**WORK REQUIRED**
Return the full listing word for word, but drop every picture from it.

**PROVIDED MATERIAL**
--- START ---
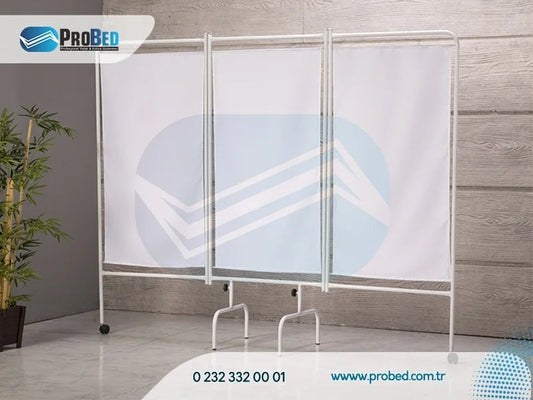 Üç Kanatlı Paravan Fiyatları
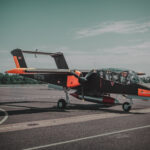 Tag der offenen Tür 2026 Flughafen Mönchengladbach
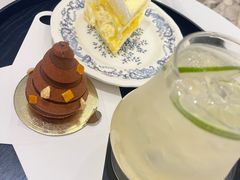 -PETIT PARIS 小巴黎(花园道店)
--- END ---
**WRITTEN REPLY**
 Üç Kanatlı Paravan Fiyatları
 Tag der offenen Tür 2026 Flughafen Mönchengladbach
 -PETIT PARIS 小巴黎(花园道店)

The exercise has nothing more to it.